Movies (and occasionally face slaps) (Part 1)

No, they would have made more money because they could have squeezed an extra showing in.
Longer movies don’t really technically cost more to produce though.

It vibrates. Once you download you can put your phone in airplane mode and you’ll know the vibrations are time to go.

talked to a university graduate today. he was kind of worried about getting that first job out of college. then i found out he never even heard of Office Space. :man_facepalming: im old

2 Likes

Tell him to pull himself up by his bootstraps and stop buying avocado toast all the time.

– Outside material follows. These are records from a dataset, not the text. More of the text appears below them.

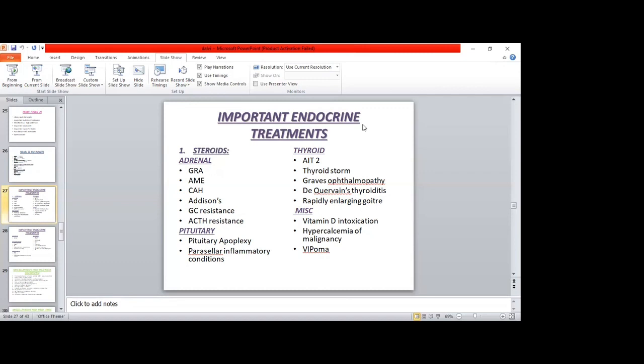Congenital adrenal hyperplasia has several types. Key ones to remember: 11-beta hydroxylase deficiency causes hypertension and hyperandrogenism; 17-alpha hydroxylase deficiency causes hypertension only with no hyperandrogenism; and 21-hydroxylase deficiency causes hyperandrogenism only with no hypertension. To diagnose CAH, 17-hydroxyprogesterone levels are measured at 9 AM, both pre- and post-ACTH stimulation.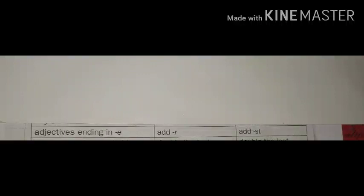Good morning students. We are back again with some rules of adjective degree of comparison. Now we will learn three more rules that will show how to add the letters in the comparative and superlative degree with some hints.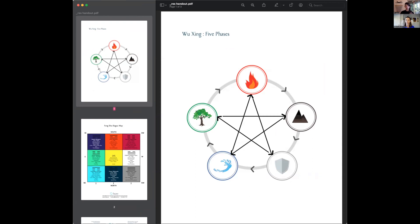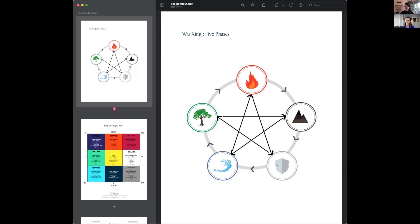Water feeds wood, wood feeds fire. When a fire is extinguished, it becomes earth—ash. Earth contains metal, and metal nourishes water. That's the least intuitive aspect of the cycle. Metal creates water through condensation, but it also nourishes water in the sense of minerals. Everything else is pretty obvious.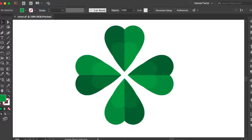Hi everyone, this is Simona from Vector Twist. Today I would like to show you a quick tip on how to create a clover with really simple steps. So let's start right away.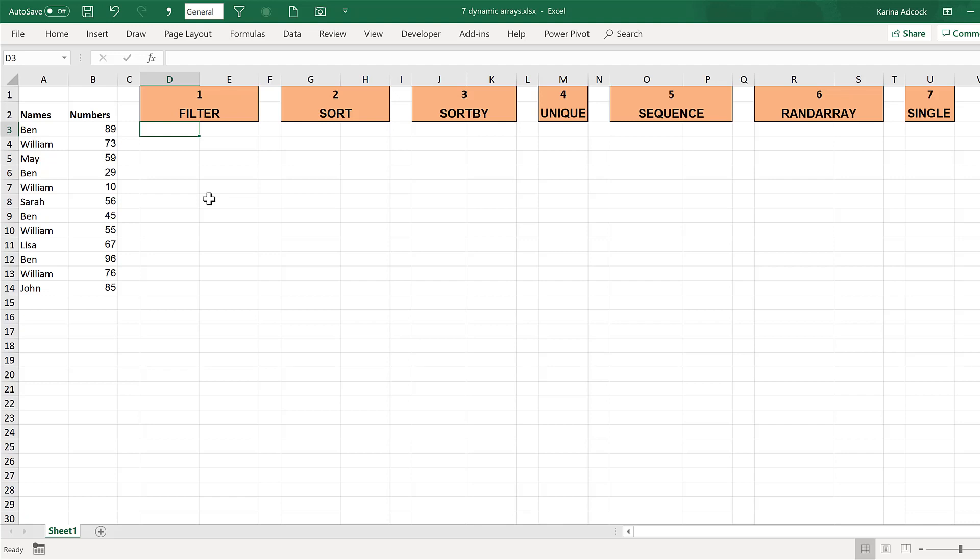Excel recently brought out seven new dynamic array formulas.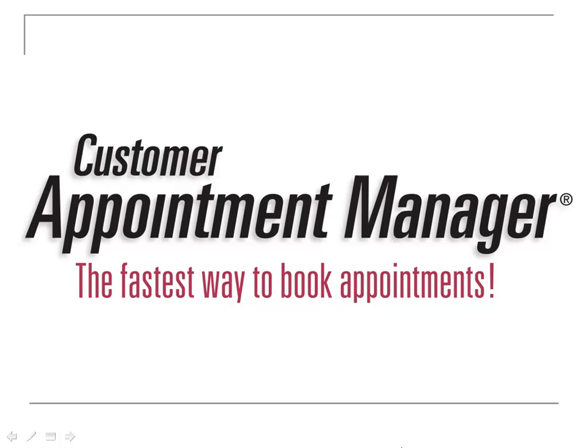Customer Appointment Manager from Atlas Business Solutions is an easy, flexible, and effective appointment scheduling solution.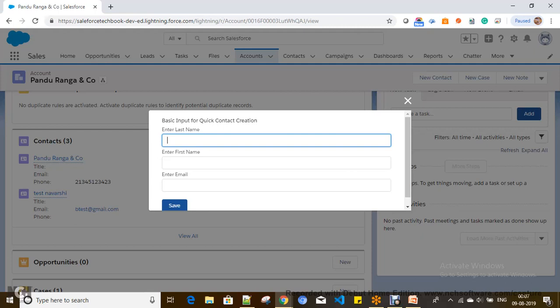So with this, we learned how to convert a JavaScript button to a Lightning component. The basic approach is: create a Lightning quick action, build a Lightning component that supports quick action, and include the 'hasRecordId' interface in that component to retrieve the record ID from the record detail page where the quick action is defined.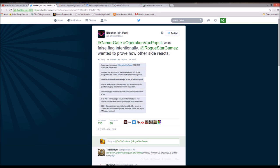Roguestar Games announced today that Operation Vox Populi was a honeypot and false flag operation. The objective was to draw out anti-Gamergate activists and gather more information concerning the methods used by various groups involved in attacks on members of the Gamergate community. Supporters are advised to minimize the amount of personal information available on social media as a precaution.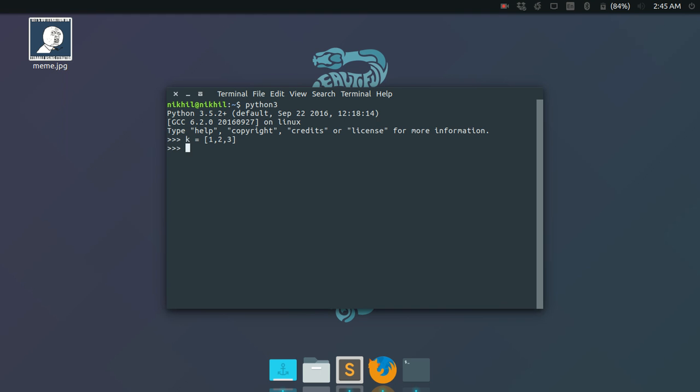It's simply a list: k equals 1, 2, 3. So what I want to do is create an iterator. To create an iterator, all you need to do is use the iter function in which you just pass the iterable.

he’s gen z. not even a no-goodnik millennial

In that case tell him not to worry about it because he’ll be scrounging for grubs in a post climate crisis wasteland in 30 years. If he’s lucky.

1 Like

Saw the new Ghostbusters last night and really enjoyed it. It trades heavily on nostalgia, so you might not like it as much if you aren’t a big fan of the original. I saw the first one in a second run theater probably around 1985 and it made a big impression on me.

Is there anyone that is not a fan of the first one? I guess if you didn’t see it but by goser you’d think people would go back and watch it before going to see this one.

I think they’re called “zoomers”

GB afterlife is great fan service. Boba Fett is crass soulless fan service.

Really GBA is an homage to the original cast and director. I think BF is made by an algorithm.

Not gonna lie I almost flagged this post

2 Likes

You know what they say about opinions. Besides my post was just begging for such a response. So I hearted the Hutzpah.

I thought Afterlife was legit bad. The in-movie pacing felt really weird and off. I’m not sure how much time was supposed to have passed from beginning to end, but it didn’t seem like nearly enough for the plot to develop the way it did.

The fan service was fine up until the marshmallows, but that bit didn’t make any sense from the rest of the plot, it was unnecessary, unfunny, and went on too long. From that point on it wasn’t just retelling the exact same story, at times it was literally a shot-for-shot remake. 100% exact same set design, camera placement, everything.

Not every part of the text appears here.